The once golden child of the Irish agrifood sector is struggling and the share price has been the worst performing of all agribusiness shares on the Irish stock market this year as investors walk. The profit warning in July was the first sign of cracks appearing in its strategy. The company blamed weak economic conditions in South America and trade tensions between the US and China for the poor performance. But it could be much more significant as consumers shift from buying sports nutrition products from traditional stores to online. Profit margins have been slipping and are now down under 8% as prices have come under increased pressure from intense competitive behaviour. Volumes have also suffered. All eyes will be on how effective price increases have been in the second half of the year and what impact (if any) that has had on volume.
Given the complexities of a market that is characterised by changing consumer habits, a growing awareness of health and wellbeing, the mainstreaming of sports nutrition, the growth in online purchasing and plant-based nutrition, shareholders need to ask does Glanbia have the capabilities to succeed?

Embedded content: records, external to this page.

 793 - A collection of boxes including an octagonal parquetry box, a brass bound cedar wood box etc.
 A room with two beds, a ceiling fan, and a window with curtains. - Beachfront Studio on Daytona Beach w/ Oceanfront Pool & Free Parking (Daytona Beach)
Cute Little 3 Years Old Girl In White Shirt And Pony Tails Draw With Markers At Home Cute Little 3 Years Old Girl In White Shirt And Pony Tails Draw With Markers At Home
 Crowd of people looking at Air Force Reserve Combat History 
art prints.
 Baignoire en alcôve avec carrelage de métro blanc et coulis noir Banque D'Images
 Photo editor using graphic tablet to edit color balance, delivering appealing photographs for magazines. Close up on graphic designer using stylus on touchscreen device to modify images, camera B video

The ingredients and flavours company has had another solid year in 2019. While it may have lost out in the running to buy Dupont’s nutrition division, it may not be a bad thing. This was going to be the largest in the history of the company, which has been growing by small acquisitions in recent years along with organic growth. This deal would have doubled the size of the group, creating a company valued at $45bn.
While it may have widened the breadth of its technology, Kerry had a value as to what that was worth. It is positive to see that under Edmond Scanlon there is huge ambition to grow but that it is measured – something Kerry has always been consistent at. No doubt there will be other deals that Kerry will go after. In the UK it closed a ready meals plant after the loss of a Tesco contract. It is a hugely competitive category and it demonstrates the risk when the majority of production is with one customer.
IPL Plastics (One51)
IPL Plastics, formerly One51, has disappointed since floating on the stock market 18 months ago. Shares fell a further 27% in 2019 and are now down more than 40% since their launch.

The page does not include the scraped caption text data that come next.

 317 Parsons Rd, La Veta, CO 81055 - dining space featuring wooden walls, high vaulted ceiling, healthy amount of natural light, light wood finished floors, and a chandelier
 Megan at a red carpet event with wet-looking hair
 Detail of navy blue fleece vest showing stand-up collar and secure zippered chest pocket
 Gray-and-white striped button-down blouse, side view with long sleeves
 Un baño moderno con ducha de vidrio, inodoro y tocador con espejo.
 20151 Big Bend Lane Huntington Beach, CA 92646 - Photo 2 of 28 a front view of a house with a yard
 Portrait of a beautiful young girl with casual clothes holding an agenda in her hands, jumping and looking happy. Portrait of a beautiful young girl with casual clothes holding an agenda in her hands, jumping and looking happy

The plastics company has been blaming the weak performance over the past year on higher resin costs and bad weather. Performance did improve in the first six months, with profits up 15% and expanded margins and the group is expecting full-year results to be at least in line with 2018.
There has been speculation that the company could be taken private again, with the Canadian investors buying out Irish shareholders. However, a spokesperson for the company says this is not on the cards.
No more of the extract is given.